Now look at your brother, who has never been able to quite break away from Mom and live a life of his own? I feel a bit sorry for him. He's a pseudo husband but without benefits. Sure she gives him spending money but what male do you know that wants to be living with his Mom, have no friends or anyone's respect, and has to ask his mother for everything? She's calling all the shots, she wants him there and he's doesn't have enough whatever to say, "no" and get a life of his own.
You on the other hand are living your own life, are doing the best you can with your resources and not caving to your mother and her control. You are married and act married, working with your husband to have your own household. I think you should be proud of yourself, you are living your life, moving forward as best you can.
I don't think you mother has so much that when she dies your brother will be sitting on easy street. Think about it; now he can at least hide behind "caring for his mother" if a casual acquaintance asks him what he does. But when she dies, he won't have her to guide his life, won't have a job/career/interest, won't have anyone to talk to or argue with, no "companion" anymore. His life is too centered on his mother. I would not be surprised if he drank himself to death or some such?
My father worked hard and my stepmother lived well after he died. When she died, my stepsister and her family/children got the bulk of the estate and I was sad because I was a young child when my father and she married so had lived with she and my father the longest of any of my brothers or stepsister. There was a lot unfair and poorly done with the estate after my stepmother died and, I was no longer included in my stepsister's family group (she is 13 years older than I am), not with my stepmother gone. I lost my "mother" for the second time in my life and the majority of my family! I have three brothers but they're guys and only one lives anywhere near me but we are not very close. I am closer to my brothers in law almost than my own brothers. I know I'm closer to my stepsons. But I have no children of my own and am already wondering what it might be like if my husband dies before I do.
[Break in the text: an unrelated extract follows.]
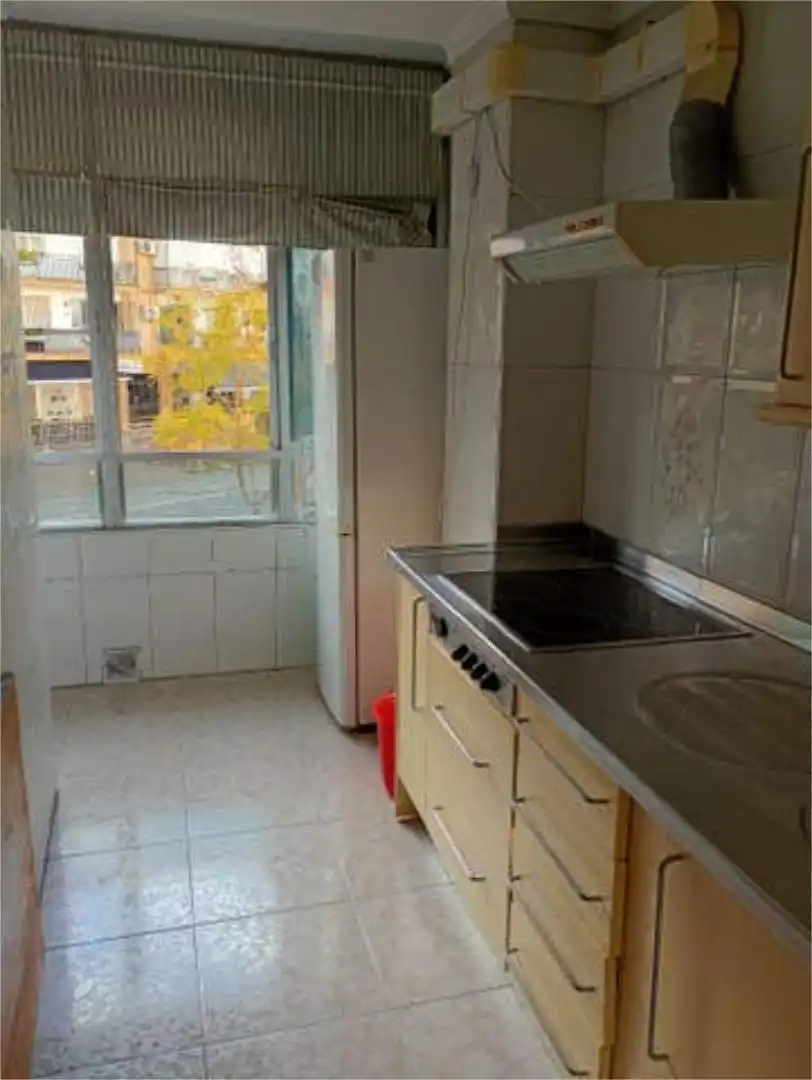 Piso en venta en Triana Este Cocina de Piso en venta en Sevilla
Circumstances can shake things up and rearrange them like a kaleidoscope, but what I am finding happens most is that one's illusions of how one thought one's family was are forced by the wayside. For almost 50 years I thought I had a relatively happy primary family of two parents and five children. When my father died and I was thrust in with just my stepmother and stepsister (my brothers stayed away, did not really care for our stepmother) and their family, it was a different experience and then, when my stepmother died and I was cut adrift from that family too, it was a completely different family dynamic. The heart wants what it wants and looks to make it so. It may or may not be that way but I believe our spirit always tries to get things to work out for ourselves.
Perhaps you can see your mother doing that? Your brother, it looks like, has much less to work with. I would feel sorry for him rather than jealous. If I could, I would try to better befriend him and use your husband and any other men you know to give him as much of a guy thing as you could.
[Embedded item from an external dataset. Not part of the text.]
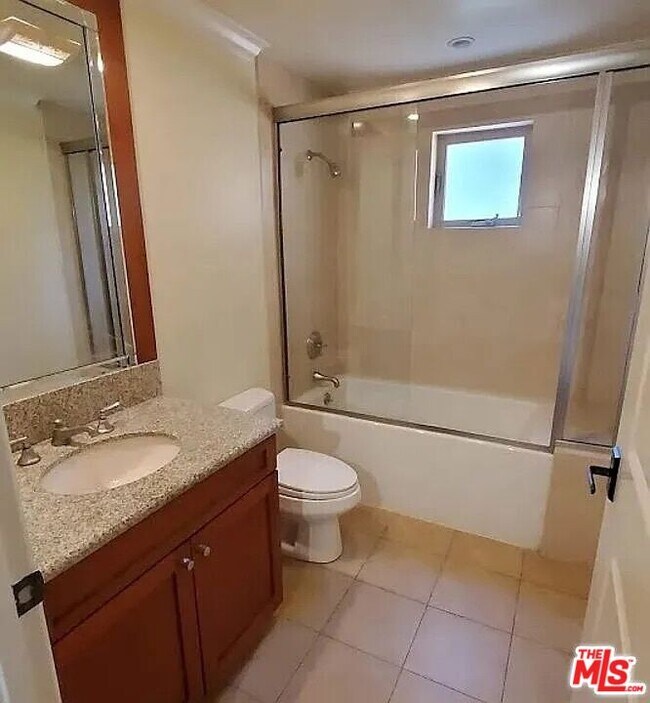 Building Photo - 1135 S Shenandoah St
As we get grown and married, etc. I think it becomes necessary to understand one's parents in a different way, as individuals like ourselves rather than just as our parents. No, it's not "fair" that your mother give your brother everything, nor was it "fair" that my stepsister and I took away my stepmother's car and listened to a month or more of her hissing "I hate you!" on the phone and hanging up on us like a child. Your brother does nothing but it is probably not because he's "lazy" but because he cannot do anything, cannot live a "normal" life anymore, it's beyond him. He cannot even finish the bathroom; it's not that he "won't", I believe he literally can't, like a hoarder can't stop hoarding, or someone with OCD can't stop their rituals or someone with an eating disorder can't eat; that sort of can't. If I were you, I'd try to look at your family as individuals you know rather than those you are related to; pretend you are an outsider and look at them. Thinks can feel less personal, less hurtful that way?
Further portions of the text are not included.